- 708 Okunma
- 0 Yorum
- 0 Beğeni
Unuttuğumuz değerlerimizden su kabağı
UNUTTUĞUMUZ DEĞERLERİMİZDEN “SU KABAĞI”
Zannedersem, yaşı 30-35 olanlar ve daha sonrakiler, su kabağını bilmezler. Bizim çocukluğumuz olan 65-75’li yıllarda su kabağı hayatımızı kolaylaştıran en önemli unsurlardan bir tanesi idi. Elektriğin, suyun, üçlü ocağın ve LPG tüpünün evlerimize girmediği yıllarda, analarımız sokağımızın uygun bir yerine kaynatma kazanı kurardı. Söz konusu kazan, çamaşır yıkamak için, içinde su kaynatılan, bugünkü toplu yemeklerin pişirildiği kocaman kazanlara benzerdi.
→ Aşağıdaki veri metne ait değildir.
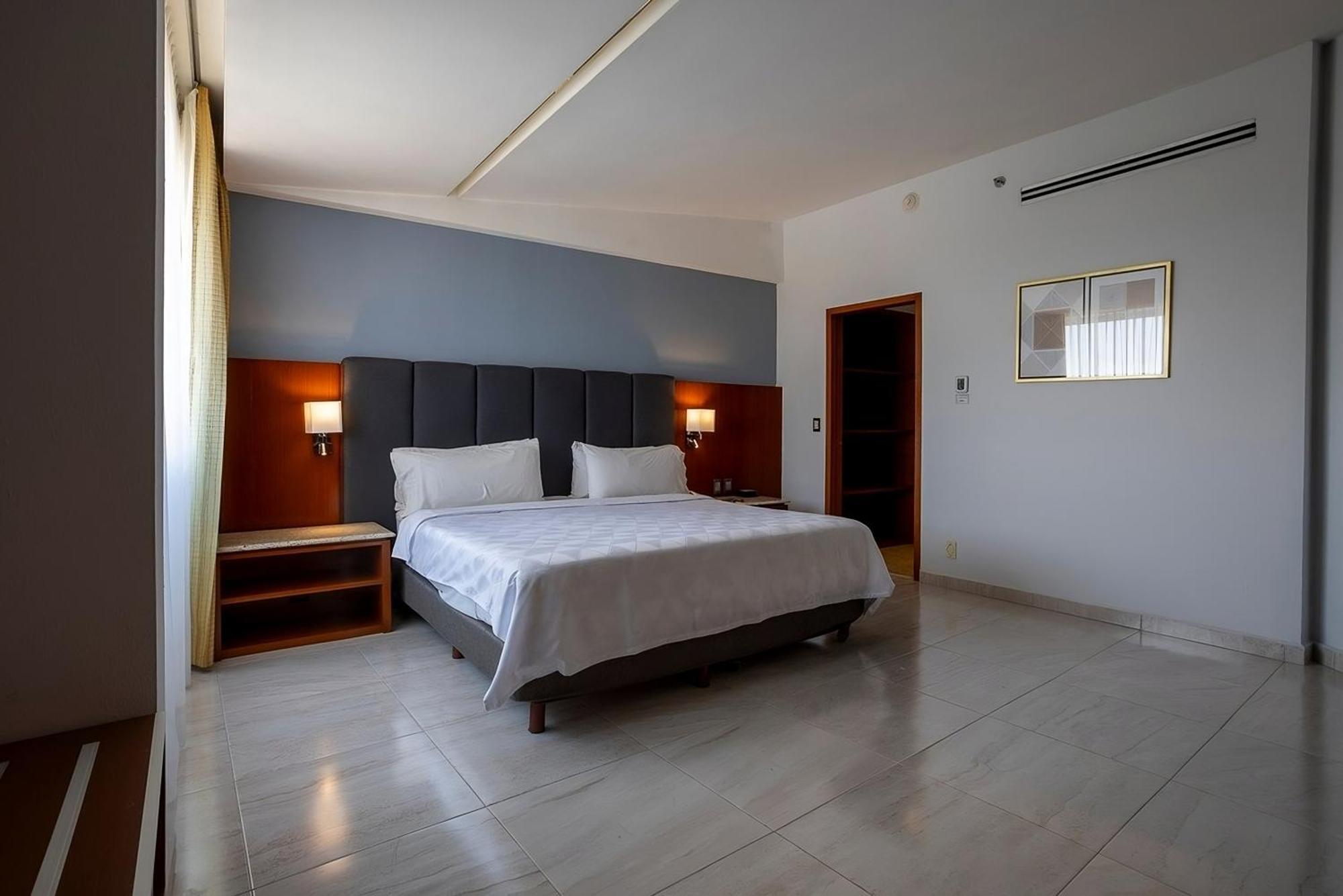 Holiday Inn Puebla Finsa By Ihg Exteriér fotografie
Kaynatma kazanı, demirciler tarafından yapılan üç ayaklı sayacak üzerine konur, altına odunlardan ateş yakılırdı. Ateş odunları, 1,5-2 metre uzunluğunda olur, baş tarafı yanıp bitince (ateş, kazanın altından uzaklaşınca), vakti uygun olan birisi tarafından odunlar sayacağın altına yaklaştırılırdı. Bu işleme ocağın ölçerilmesi denirdi. Kaynatma kazanının yakınında ve uygun bir yerinde giyecek taşı denilen, kocaman bir taş veya mermerden yere sağlamca oturtulmuş, üzerine kirli çamaşırların kule gibi yığıldığı sabit bir taş olurdu.
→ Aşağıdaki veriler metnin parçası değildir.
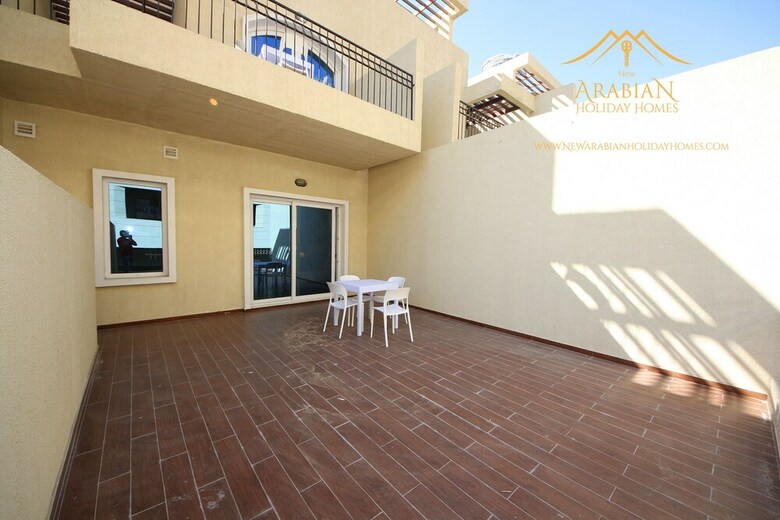 New Arabian Holiday Homes Jvc Villa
Taşın üzerine en kirli ve kiri zor çıkanlar en altta, kiri en az, çabuk temizlenebilen ve narin çamaşırlar en üstte olacak şekilde düzenlenirdi. Su kabağı, kaynatma kazanı iyice kaynadığında görev alırdı. Kaynayan kazanın içinden kaynar su, su kabağı ile alınarak giyecek taşının üzerindeki çamaşırların üzerine dökülürdü. Tokuçla paaat, paaat, dövülüp, ellerle çitilenerek yıkanır ve sonra da sıkılarak duvar çalılarının üzerine asılırdı. Sabun dışında hiçbir temizlik malzemesi yoktu.
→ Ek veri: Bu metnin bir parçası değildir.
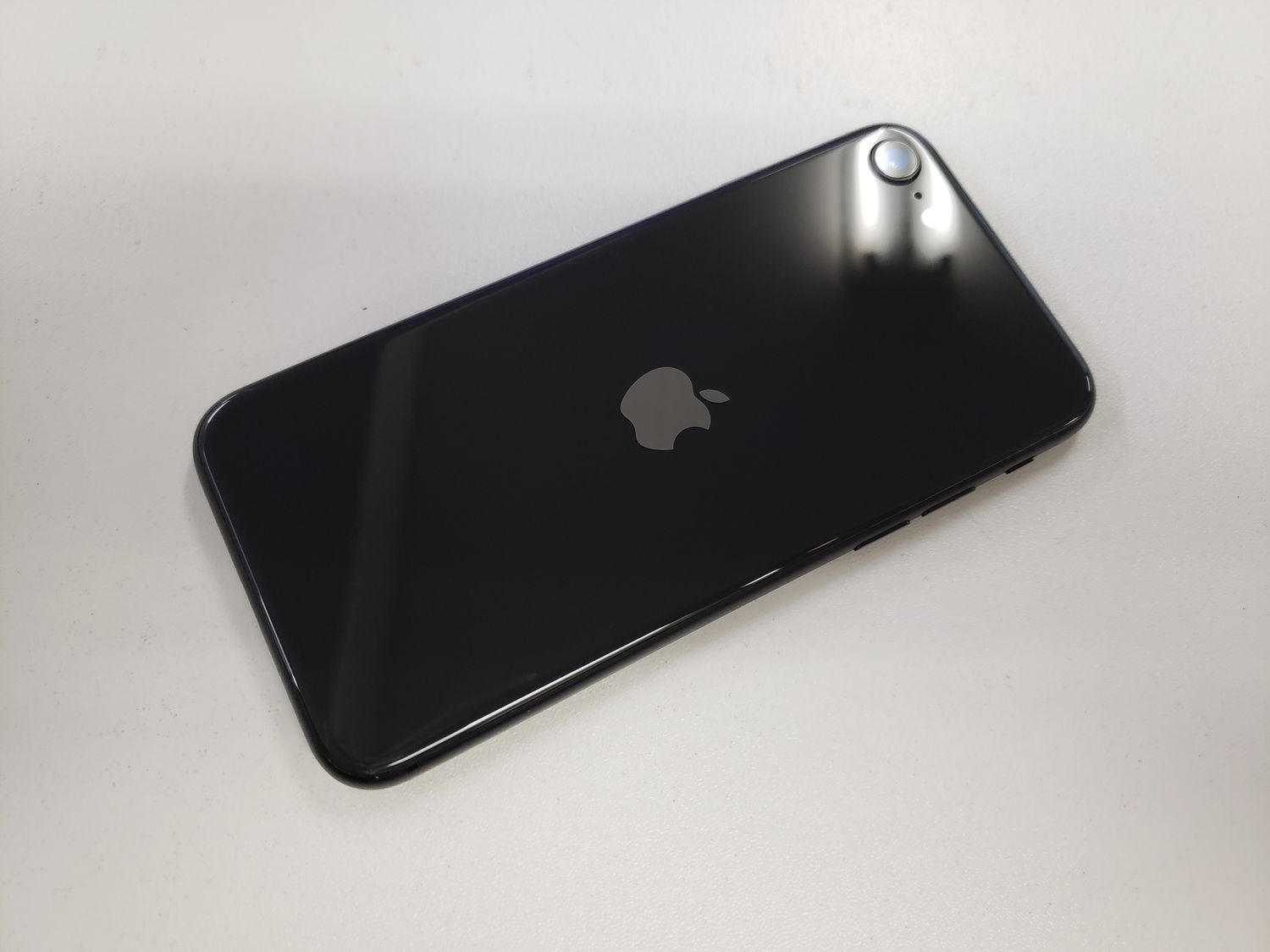 ムスビー｜☆赤ロム保証☆docomo iPhone SE 第2世代 64GB ブラック SIM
Su kabağı, domates, biber, patlıcan, bamya, tütün, süpürgelik, kavun, karpuz. Fasülye, karnıkara (böğrülce) gibi sebzelerin dikildiği yerlerin bir kenarına dikilirdi. Aynı bal kabağı, karpuz ve kavun gibi önce yapraklar, sonra meyvelerini döker, daha sonra olgunlaşırdı. Fasülye- böğrülce gibi, tırmanacak bir nesne bulduğu anda yükseklere tırmanarak, kabaklarını oralarda büyütürdü. Bal kabağı ve yemek kabağı zamanında toplanarak tüketilirken, su kabağına dokunulmaz ve sezon sonuna kadar kökünde bekletilirdi.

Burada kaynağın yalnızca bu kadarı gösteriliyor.